1. As palavras têm uma origem, percorrem um caminho e constroem uma história.
Sucede que, não raramente e como notou Ludwig Wittgenstein, o seu significado é tomado não a partir da sua génese, mas a partir do uso que lhe é dado ao longo do tempo.
Católico tornou-se indicador de parcela. Designa uma parte dos crentes e dos cristãos: aqueles que seguem o Bispo de Roma.
Sucede que, etimologicamente, católico evoca não uma parte mas o todo.
O primeiro a empregar este conceito terá sido Aristóteles, na sua célebre Metafísica.
Aí defende que a verdade é católica. Está na totalidade. Hegel e von Balthasar repetiram este ensinamento nas suas obras.
Decompondo a palavra, verificamos que católico vem de kath olon, isto é, segundo o todo.
2. Importa ter presente que esta totalidade não pode ser vista apenas a partir da presença. Ela tem de incluir também (e cada vez mais) a participação e a abertura.
Concretizando, isto significa que a Igreja é católica não somente quando está em toda a terra.
Ela torna-se católica quando acolhe todas as perspectivas, todas as preocupações e todos os contributos.
Neste sentido, ser católico é mais do que pertencer a uma comunidade. É, acima de tudo, contribuir para uma fundamental unidade de todo o género humano.
Não se trata do nós diante do eles. Trata-se, no fundo, de uma consciência activa de pertença à comum humanidade.
Não está em risco a identidade. Ser católico é aceitar uma identificação. Mas, como bem adverte Timothy Radcliffe, não é uma identificação com base na exclusão.
Como pode defender a exclusão quem se apregoa discípulo de alguém que deu a vida por todos?
3. É preciso voltar às origens. Não para nelas estacionar, mas para delas voltar a partir.
Não basta uma alteração nas formas de agir. É necessária uma mudança de paradigma.
A Igreja tende a ver-se a partir de um centro (Roma). É importante que ela se reveja a partir da sua fonte (Jerusalém).
Na fonte, encontra-se o serviço, não o poder. A Igreja, como destaca Santos Sabugal, assenta num modelo fontal (Jesus, o Servo) e num modelo paradigmático (Maria, a Serva).
Na hora que passa, o serviço à paz desponta como a maior prioridade.
Daí a necessidade de um encontro verdadeiramente católico em Jerusalém.
4. Poderia começar por um encontro de católicos, de representantes de todas as comunidades, de todas as tendências, de todas as sensibilidades.
Deveria alargar-se, num segundo momento, a todos os cristãos, desbravando caminho para uma unidade sem uniformidade.
E, finalmente, tal encontro haveria de congregar todas as religiões.

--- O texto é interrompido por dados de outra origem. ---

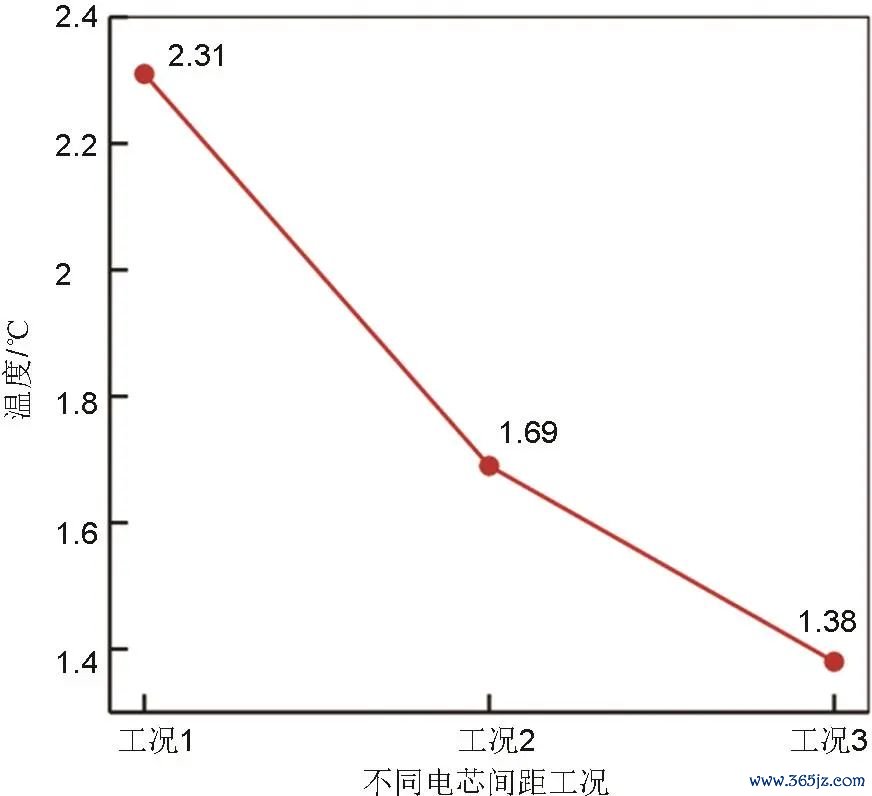 图11   不同电芯间距下电板包顶面最大温差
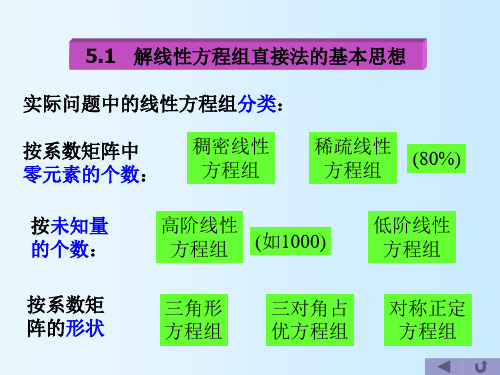 Gauss消去法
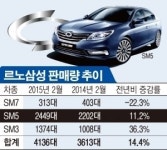 ‘SM5 노바’, ‘K5’도 넘어서나? 상승세 타는 SM 시리즈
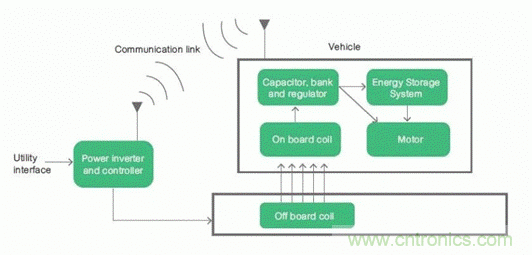 如何對電動汽車實現(xiàn)高效的電源管理？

A paz do mundo, como incansavelmente tem recordado Hans Küng, não se obtém sem a paz entre todas as religiões.
Ainda subsistem muitas clivagens entre os credos. Grande parte das guerras tem uma fractura de índole religiosa.
A cidade que o profeta entrevia como agregadora de todos os povos (cf. Is 2, 2-5) pode oferecer uma perspectiva holística que integre os pontos de vista demasiado atomísticos que teimam em cavar divisões.

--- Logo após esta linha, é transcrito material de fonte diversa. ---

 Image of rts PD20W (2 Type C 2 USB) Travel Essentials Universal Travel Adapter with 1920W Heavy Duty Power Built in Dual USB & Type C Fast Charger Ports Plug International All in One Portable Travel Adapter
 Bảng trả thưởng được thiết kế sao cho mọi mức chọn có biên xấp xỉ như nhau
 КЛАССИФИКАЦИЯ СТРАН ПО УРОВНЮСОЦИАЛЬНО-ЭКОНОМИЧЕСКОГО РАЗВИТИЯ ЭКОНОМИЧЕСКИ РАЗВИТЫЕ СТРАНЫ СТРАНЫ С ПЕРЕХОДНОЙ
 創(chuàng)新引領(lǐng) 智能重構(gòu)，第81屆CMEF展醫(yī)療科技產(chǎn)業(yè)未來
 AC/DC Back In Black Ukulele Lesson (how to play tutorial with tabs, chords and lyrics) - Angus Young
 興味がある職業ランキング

Até agora, temos olhado o todo a partir das partes. Impõe-se que nos habituemos, a partir de agora, a contemplar as partes a partir do todo.
A verdade é integradora e, por isso, conciliadora e pacificante.

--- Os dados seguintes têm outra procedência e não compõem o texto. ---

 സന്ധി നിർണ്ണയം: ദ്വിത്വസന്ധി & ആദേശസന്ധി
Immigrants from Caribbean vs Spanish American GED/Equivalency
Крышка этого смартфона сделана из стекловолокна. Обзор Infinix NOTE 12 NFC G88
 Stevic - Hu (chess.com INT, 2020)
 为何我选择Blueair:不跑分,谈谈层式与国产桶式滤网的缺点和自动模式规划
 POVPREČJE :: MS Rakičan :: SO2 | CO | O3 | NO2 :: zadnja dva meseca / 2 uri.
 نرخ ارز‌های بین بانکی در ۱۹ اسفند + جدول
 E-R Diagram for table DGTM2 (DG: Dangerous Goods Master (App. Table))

É no todo (e em todos) que a verdade nos visita. Insistir nos pontos de vista parciais, quando em causa está a totalidade, é perder tempo e desperdiçar oportunidades.
Para tal, é urgente acentuar as convergências e saber conviver com as diferenças.
Respeitando as diversas tradições, é bom que haja uma sobriedade no apelo a leis, normas e cânones.
Basta um mandamento, aquele que Jesus nos legou: «Amai-vos uns aos outros» (Jo 13, 14).
Haverá algo mais totalizante, mais universal e, portanto, mais católico que o amor?